Having to ask for a favor puts you in a weak position. You expose a deficit (which the favor is supposed to fix) and you empower the other party to make a yes-no decision. Either way the other party comes out stronger. If she agrees to do the favor, you owe a debt of gratitude and the burden of future reciprocation. Awareness of this debt keeps many people from asking for favors in the first place, if they can at all avoid it. This reluctance adds to the favor-seeker’s weakness. The other party can assume that the asker’s situation is urgent. If she agrees to do the favor, the asker’s weakness is confirmed and the debt of gratitude is activated. If she says no, the asker’s weakness is also confirmed. Although there is no debt to repay, there is probably regret about having had to ask. Had the asker anticipated the negative response, she would not have asked.

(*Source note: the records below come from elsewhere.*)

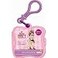 Briarpatch Fancy Nancy Mini Card Game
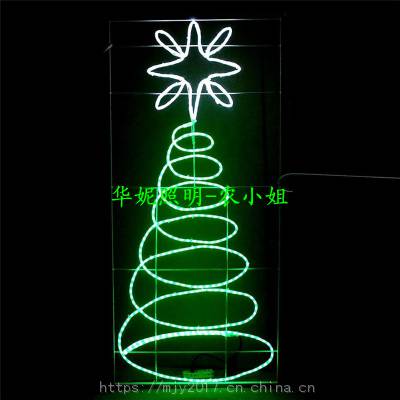 LEDǶֵ LEDװε LED͵ ·Ƹ˹񳧼 ڵƸ յ
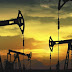 Oil prices dip, Saudi Arabia dampen hopes on output talks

Favor-asking creates a dilemma of trust. By not asking, the trustor can preserve an unpleasant status quo. If she does ask, she shows trust, and now it all depends on the other party’s response. If the response is positive, the asker’s situation has improved, while the other party is a bit worse off because favors, by definition, are costly. This cost can be buffered by the emotional gratification of having helped and by the prospect of having a favor to call in when the need arises. If the response is negative, trust is betrayed, and the help-seeker is worse off than before. She has eliminated one opportunity of being helped and the need for assistance has grown stronger. The other party may also be worse off inasmuch as she dislikes saying no. However, she did not have to pay the cost of helping. In short, compared with not asking, a help-seeker benefits if the favor is granted, and suffers if it is not granted. The decision to ask is difficult (amounting to a trust dilemma) if the asker does not know the other party well enough to know her assessment of the costs and benefits of doing and not doing the favor.

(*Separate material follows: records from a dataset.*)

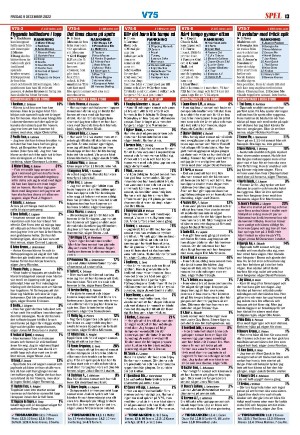 goteborgstidningen_bilag-20221209_000_00_00_013.pdf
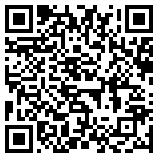 QR Code for Elekta Impac Software in Aurora, OR 97002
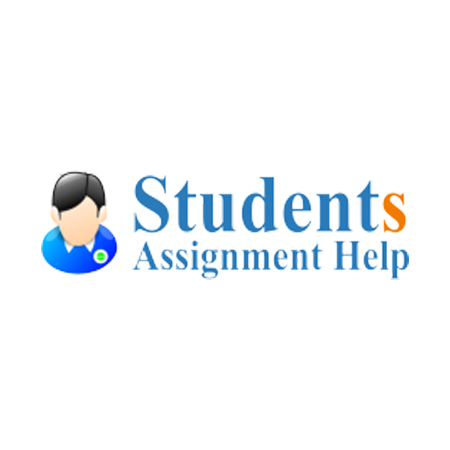 studentsassignmenthelp.com logo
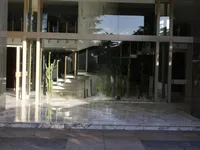 Недвижимость Villa Cannes: 2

This brief sketch of favor-asking as a social dilemma assumes the presence of two parties and it makes certain assumptions about the context. It assumes that the situation neither involves trivial favors nor matters of life and death, and it assumes that the seeker is uncertain about the other party’s response.

The favor-seeker’s uncertainty can motivate a look for additional strategies. She may attempt, for example, to approach several parties at once. In one version of this scenario, these parties are aware of one another and the fact that only one of them is needed to help. This scenario amounts to the famous bystander situation. Formal analysis and empirical findings show that individual bystanders become less likely to help as their number becomes larger. Imagine one person were needed to save the world by surrendering her own life. Would you do it? To the seeker the number of potential helpers hardly matters. If there is a difference, she is somewhat less likely to receive help by anyone as the group grows larger (but this point is still being debated).

The help-seeker may conceal the fact that she is putting out several calls for help. This strategy maximizes the probability of receiving a positive response from at least one other party. But this strategy is deceptive. When more than one party agrees to help, what is one to tell the others? It may be difficult to argue that the need for help has somehow gone away. Help-seekers who find themselves forced to admit that they had approached several parties face a moment of awkwardness. A helper who has just decided to do the right thing will feel rebuffed and betrayed. This person will probably decide not to offer help to this individual in the future, and may be wary when considering calls for help from others. The strategy of multiple disguised calls for help thereby endangers social capital [again, I am bracketing out matters of life and death].

Why do some people make the mistake of making multiple simultaneous requests without disclosure? Perhaps they mistake the social situation, which involves trust and the potential of betrayal, for an economic auction. They create a situation that favors the fastest (if not the highest) bidder. In a blind auction, a bidder does not know how many other bidders there are, but it is not a secret that there might be several. Moreover, a bidder enters an auction in hopes of making a gain from the transaction. A favor-doer or help-giver does not expect a material gain. Perhaps then, the rational response to having one’s offer to help declined is relief.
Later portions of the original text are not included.